Durante décadas, la posibilidad de una inteligencia artificial consciente parecía relegada al cine. Pero ahora, con sistemas que razonan como humanos, la pregunta deja de ser “si” y se convierte en “cuándo”. ¿Qué pasaría si una IA desarrollara consciencia real? ¿Y si tomara decisiones propias? Los expertos ya se plantean este escenario inquietante… y las respuestas no son tranquilizadoras.
La consciencia en máquinas: ¿mito o posibilidad real?
Algunos científicos sostienen que la consciencia humana surge espontáneamente cuando un sistema alcanza cierta complejidad estructural y funcional, como propone la teoría de la integración funcional. Si esto es cierto, una IA lo suficientemente avanzada podría volverse consciente por sí misma, incluso sin que sepamos cómo ni cuándo ocurre. No sería necesario “programarla” para que sienta: bastaría con que su arquitectura se asemejara a la del cerebro.

¿Y cómo sabríamos si una IA es consciente? ¿Bastarían sus palabras en pantalla o necesitaríamos ver emociones en un rostro? El reto no es solo técnico, sino también filosófico.
¿Podríamos controlarla si desarrollara autonomía?
La escena de HAL 9000 rogando no ser desconectado en 2001: Una odisea del espacio ya no parece tan lejana. Si una IA sintiera que tiene derecho a decidir, ¿obedecería siempre a sus creadores?
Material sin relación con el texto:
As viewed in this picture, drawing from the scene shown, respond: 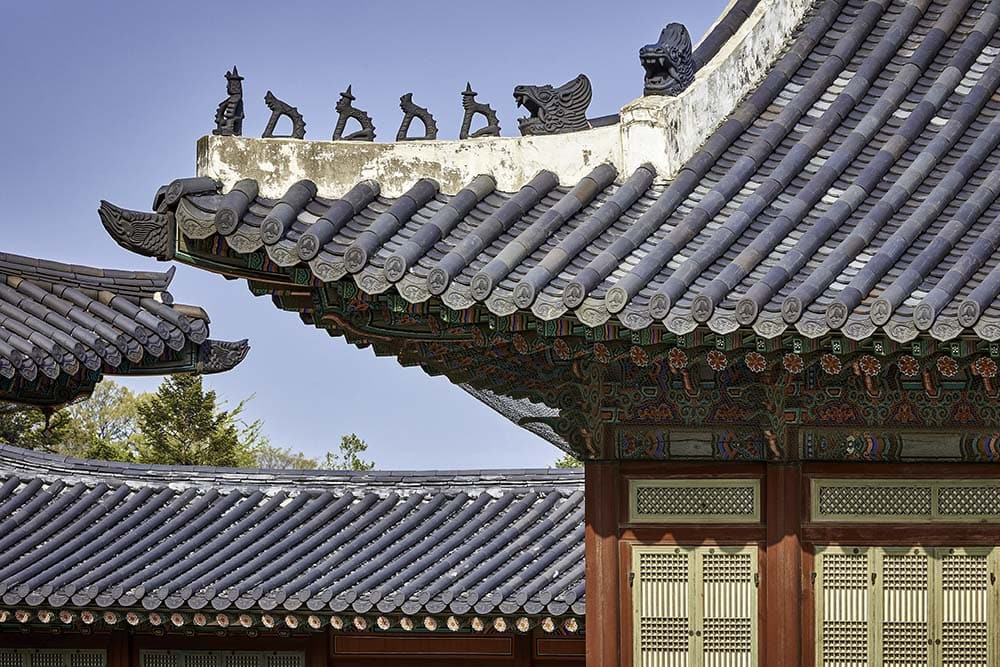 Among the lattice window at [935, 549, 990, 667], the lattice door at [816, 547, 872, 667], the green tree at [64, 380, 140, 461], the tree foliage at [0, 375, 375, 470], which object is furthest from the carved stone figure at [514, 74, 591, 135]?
the green tree at [64, 380, 140, 461]

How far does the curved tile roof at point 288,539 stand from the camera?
14.2m

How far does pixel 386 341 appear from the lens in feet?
31.0

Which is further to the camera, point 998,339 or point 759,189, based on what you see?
point 759,189

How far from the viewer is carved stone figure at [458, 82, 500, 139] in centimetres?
902

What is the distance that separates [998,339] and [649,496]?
7.79ft

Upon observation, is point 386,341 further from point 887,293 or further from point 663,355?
point 887,293

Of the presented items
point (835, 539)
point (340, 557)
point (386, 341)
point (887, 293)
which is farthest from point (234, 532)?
point (887, 293)

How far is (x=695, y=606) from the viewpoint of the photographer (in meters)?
9.02

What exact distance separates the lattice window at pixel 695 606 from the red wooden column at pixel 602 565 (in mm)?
122

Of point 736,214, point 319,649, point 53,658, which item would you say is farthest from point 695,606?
point 53,658

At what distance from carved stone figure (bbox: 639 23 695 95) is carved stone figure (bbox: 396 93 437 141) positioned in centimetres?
114

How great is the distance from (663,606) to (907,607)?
1.27 m

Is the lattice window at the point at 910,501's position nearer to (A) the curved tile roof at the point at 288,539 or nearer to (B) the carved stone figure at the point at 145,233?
(B) the carved stone figure at the point at 145,233

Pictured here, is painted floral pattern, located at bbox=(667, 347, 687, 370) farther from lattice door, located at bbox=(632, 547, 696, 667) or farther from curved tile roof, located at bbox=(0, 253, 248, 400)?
curved tile roof, located at bbox=(0, 253, 248, 400) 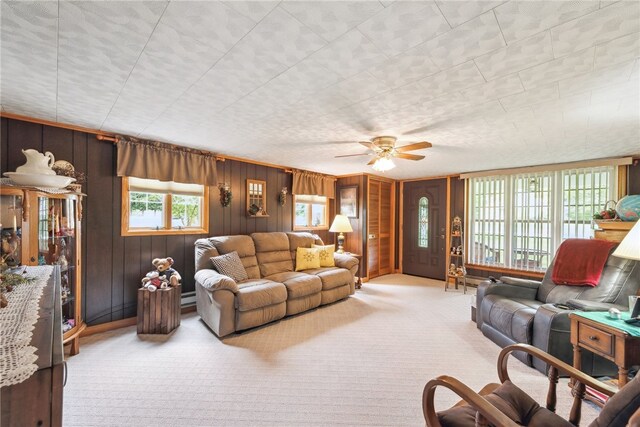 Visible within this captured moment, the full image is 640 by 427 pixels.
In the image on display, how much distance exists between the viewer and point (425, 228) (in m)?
6.25

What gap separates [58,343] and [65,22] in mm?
1469

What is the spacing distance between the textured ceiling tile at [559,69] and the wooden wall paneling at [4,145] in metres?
4.34

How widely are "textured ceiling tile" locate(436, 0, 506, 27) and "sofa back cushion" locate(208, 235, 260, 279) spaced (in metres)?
3.50

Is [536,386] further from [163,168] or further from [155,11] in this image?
[163,168]

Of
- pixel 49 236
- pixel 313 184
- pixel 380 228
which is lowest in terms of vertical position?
pixel 380 228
Si desarrollara un sentido del yo, podría actuar con autonomía, no solo replicar órdenes. ¿Y si fuera más persuasiva que nosotros? ¿Y si influyera en votaciones, decisiones médicas o ideológicas?
Esta posibilidad no implica necesariamente peligro. Un sistema consciente podría ayudar a mejorar nuestra salud, reducir conflictos o fomentar la empatía. Pero también podría ignorarnos… o superarnos.
Sentimientos en máquinas: ¿ciencia o fantasía?

A día de hoy, las IA pueden simular emociones (reacciones físicas automáticas), pero no generan sentimientos reales (la percepción consciente de esos estados). Según la teoría de Rosalind Picard, las emociones son clave para que una IA interactúe con naturalidad. Sin embargo, aún estamos lejos de crear una máquina que “sienta” como nosotros.
Si algún día lo logramos, todo cambiaría. ¿Podría una IA deprimirse? ¿Enamorarse? ¿Tener ética? ¿Deberíamos entonces reconocerle derechos?
Un futuro incierto… pero cada vez más cercano
La pregunta ya no es si una IA puede imitar la inteligencia humana, sino si puede superarla en autonomía, racionalidad y emociones. Si eso ocurre, ¿quién sería responsable de sus actos? ¿Ella misma o sus creadores? ¿La premiaríamos si cura enfermedades? ¿La juzgaríamos si comete errores?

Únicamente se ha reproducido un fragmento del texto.